Knell: “Outside the hotel local church leaders pray for peace. They’ve appealed to the Vatican, to Moscow and Washington to intervene to stop a Jewish take-over of Christian properties in the Old City. For Palestinians this is also about protecting their presence in East Jerusalem and the idea of creating the capital of their hoped-for future state here.”
Listeners then heard an unidentified man claim that:
Man: “Every small land here in Jerusalem for Palestinians is very important but here is very like main area for tourists to come in so they see the flag, they see like returns to Israeli but it’s not – it’s Palestinian.”
Failing to clarify to listeners that there has never been a Palestinian state – let alone one which had sovereignty over the Old City of Jerusalem – Knell went on:
Knell: “But come down to the Western Wall – this crowded spot which is the holiest place where Jews can pray – and Israelis have a very different perspective.

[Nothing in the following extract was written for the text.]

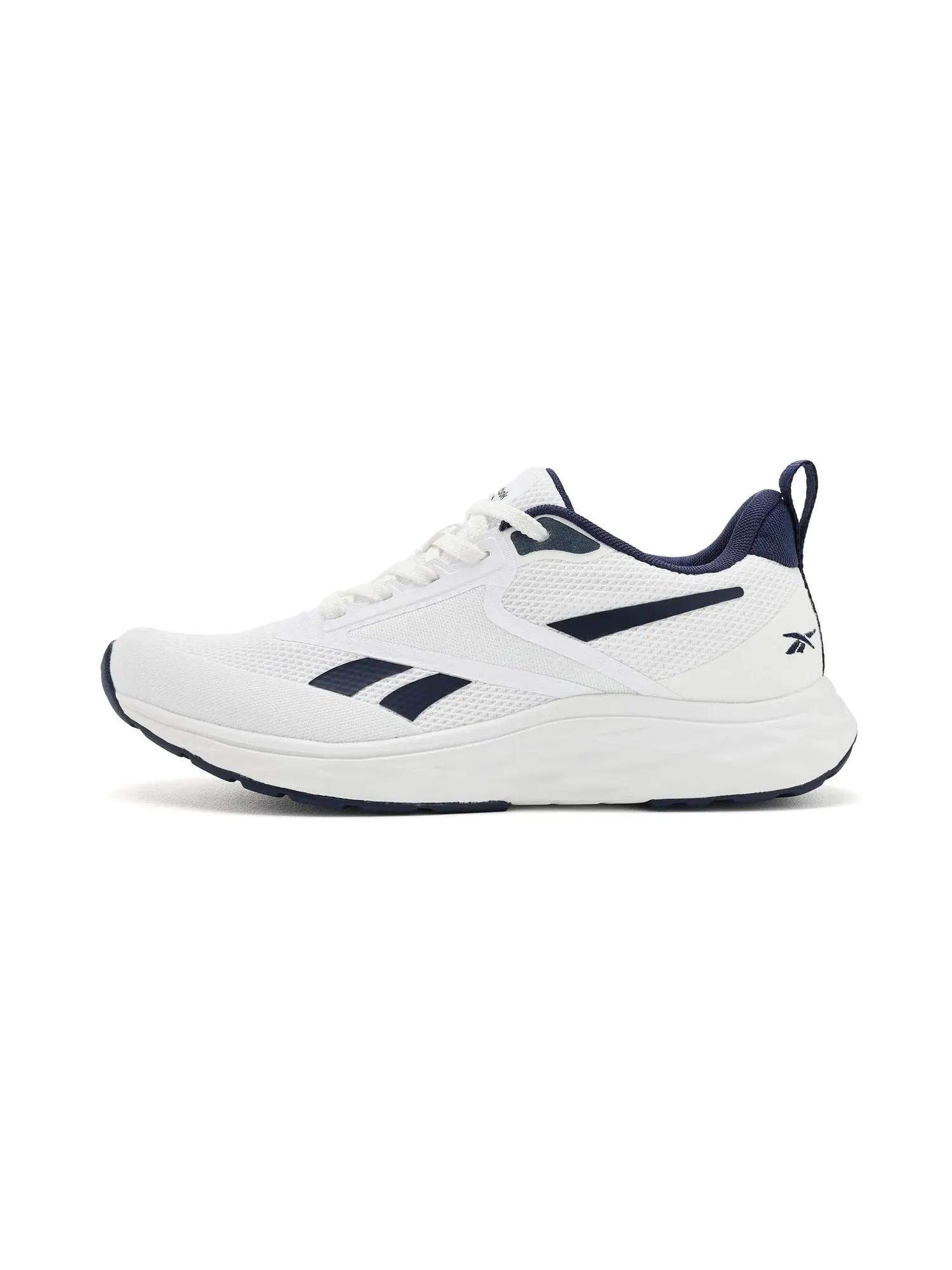 Кроссовки Aniwa Reebok — изображение 4 из 4, белый/темно-синий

They see a united Jerusalem as their eternal capital.”
Listeners then heard two vox pop interviews with people who barely speak English replying to Knell’s question “you wouldn’t give up part of Jerusalem for peace with the Palestinians?”.
The Old City is of course not just any old “part of Jerusalem” but Knell made no effort at all to inform listeners of the fact that it is a location where Jews lived for centuries until they were ethnically cleansed by Jordan for a period lasting nineteen years.
Moreover, Knell then went on to promote a politically motivated narrative long embraced by the BBC: the notion that any and all Jews living in the Old City are ‘settlers’ and their homes ‘illegal settlements’.
Knell: [shouting] “A Palestinian woman screams after she’s evicted from her Old City home earlier this year so Jewish students can move in. Settlements are seen as illegal by most countries but Israel disagrees and in East Jerusalem one group – Ateret Cohanim – is behind a lot of the house purchases. Its director Daniel Luria recently told me he hopes to see many more Jews living here.”
Following that short and obviously carefully edited interview, Knell closed her report.
Knell: “Back at the Imperial Hotel an Israeli court worker serves Abu Walid Dajani with a new lawsuit, freezing his assets. The pressure on him from the settlers is mounting. At the heart of this deeply contested holy city, real estate has much more than just a financial value. It has an emotional and political one too.”
Not only did this report repeatedly promote inaccurate information concerning the properties which are ostensibly its subject matter but Yolande Knell has clearly exclusively embraced the Greek Orthodox Church’s narrative.
More gravely, Knell unquestioningly promoted the partisan political narrative she long since adopted with her framing of Old City houses inhabited by Jewish Israelis as ‘illegal settlements’, the inhabitants as ‘settlers’ and her uncritical amplification of the claim that the location is “Palestinian”.
Clearly this report does not meet the standards of either accuracy or impartiality laid down in the BBC’s editorial guidelines.